Caselaw Access Project – Overview

Project Summary

Problem: Our common law is not freely accessible online. This lack of access to the law impairs justice and equality and stifles innovation.

Goal: Transform the official print versions of all historical U.S. court decisions into digital files made freely accessible online. Encourage and assist federal and state courts in making all prospective court decisions freely accessible online.

Scope:

  • All official reported decisions of the federal courts
  • All official reported decisions of the courts of every state
  • All territorial and pre-statehood decisions in HLSL’s collection
  • Estimated 43,000 volumes and 40MM pages

Process:

  1. Get the books from HLSL or Harvard Depository
  2. Scan the books using a high-speed scanner (~450K pages per week)
  3. Preserve the books in long-term underground storage
  4. Convert the scanned images into machine-readable text files
  5. Extract the individual cases into individual text files
  6. Redact headnotes and other editorial content
  7. Make the redacted images and text files freely accessible online

Projected Timeline:

  • 2015: Ramp up digitization production
  • 2016 (projected): digitize 25MM-30MM pp → publish CA, NY, MA, IL, TX, Federal
  • 2017 (projected): digitize remaining 10MM-15MM pp → publish everything

Harvard – Ravel Agreement – Key Terms

Funding:

  • Ravel pays total costs of digitization

Digitization Responsibilities:

  • Harvard responsible for scanning books
  • Ravel (via vendor) responsible for converting scanned images to text files

Data Ownership and License:

  • Harvard owns the resulting data
  • Ravel gets a temporary exclusive license to commercially exploit redacted files
    • Maximum duration of exclusive commercial license is 8 years
    • Early expiration of exclusive commercial license if:
      • Ravel does not meet its obligations
      • a given jurisdiction publishes its future court decisions online in an acceptable format. Illinois and Arkansas have already satisfied this condition.

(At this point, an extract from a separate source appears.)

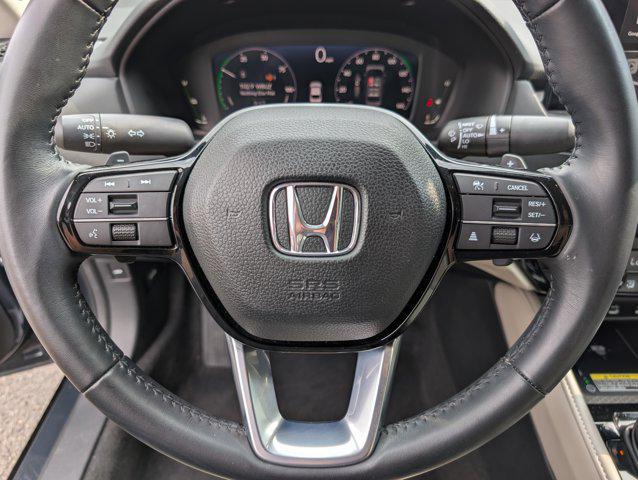used 2023 Honda Accord Hybrid car, priced at $31,499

Data Access Rights and Obligations:

  • Harvard
    • Harvard may provide anyone with public access to the redacted files, subject to a bulk access limitation
    • Harvard may provide Harvard community members and outside research scholars with free bulk access to the entire dataset, provided they accept contractual prohibitions on redistribution
  • Ravel
    • Ravel will provide ongoing free public access to the redacted files, subject to a bulk access limitation
    • Ravel will provide developers ongoing API access to the redacted files
      • Free access for non-profit developers
      • Paid access for for-profit developers

Other Notable Terms:

  • Harvard has a 4% equity interest in Ravel, with any proceeds going to a sustainability fund to support the project.
  • Should Ravel stop offering public access, Harvard will be able to do so with the necessary Ravel software.

 

4 comments

  1. Andrew Hodel says:

    I’ll help, email me.

    I could help as a developer with steps 3-7 of the process.

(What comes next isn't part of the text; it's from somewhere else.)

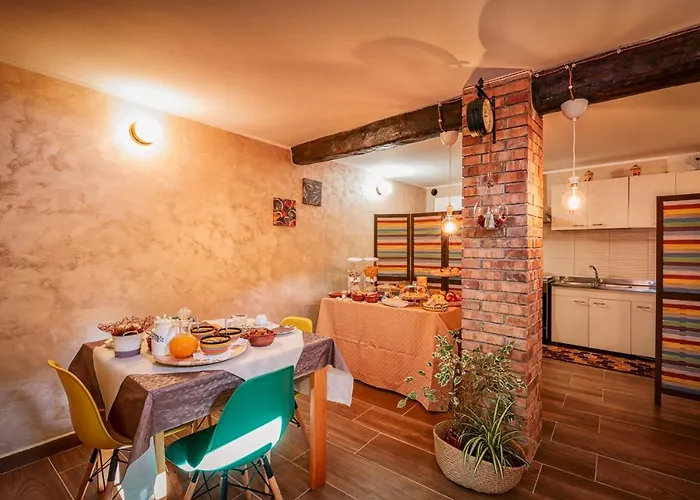 Borgo Antico Alojamento de Acomodação e Pequeno-almoço Papasidero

  2. […] Sourced through Scoop.it from: etseq.law.harvard.edu […]

  3. Bob Gault says:

    I too have some OCR conversion software – can help with conversion/redaction/transfer/etc.

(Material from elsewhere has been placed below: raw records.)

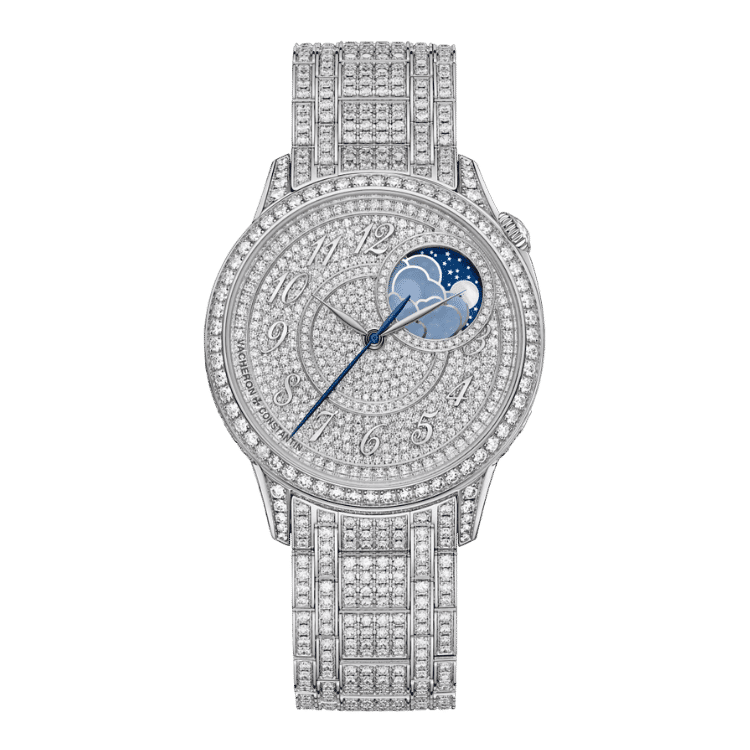 Vacheron Constantin Égérie Moon Phase Jewellery  8016F/127G-B499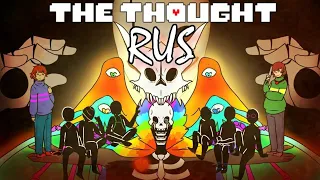 Комикс Андертейл-The Thought Movie Rus comic Dub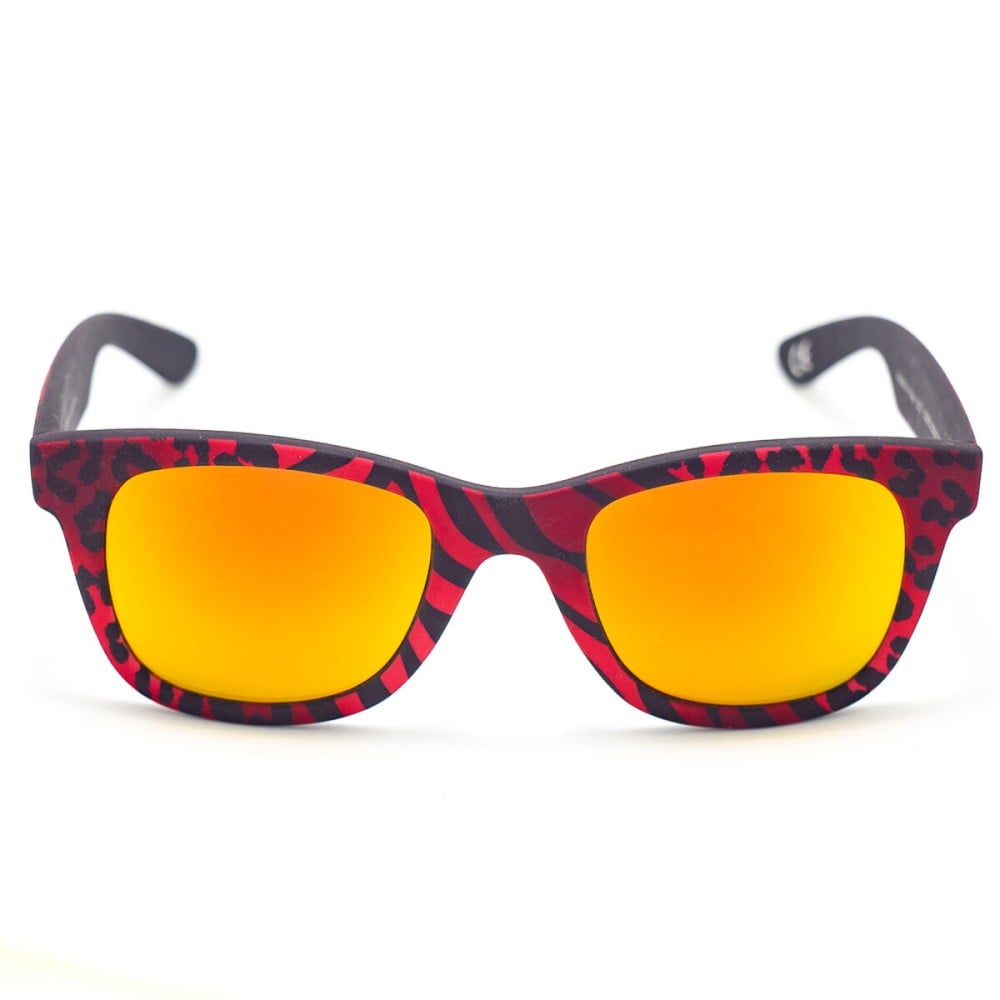 Unisex-Sonnenbrille Italia Independent 0090-ZEB-053 Ø 50 mm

  4. Samuel A. Abady says:

    You list “All territorial and pre-statehood decisions.” Although not stated, I assume this is meant to include all D.C. decisions, and decisions of courts in Puerto Rico, as neither is a territory like the Virgin Islands and Guam, but both are state-like jurisdictions within the U.S.

    Here’s a suggestion of special interest to historians. During the Civil War, the Confederacy operated courts which issued opinions on everything from contract disputes to desertion by CSA soldiers. The Project should include all published decisions issued by Confederate courts.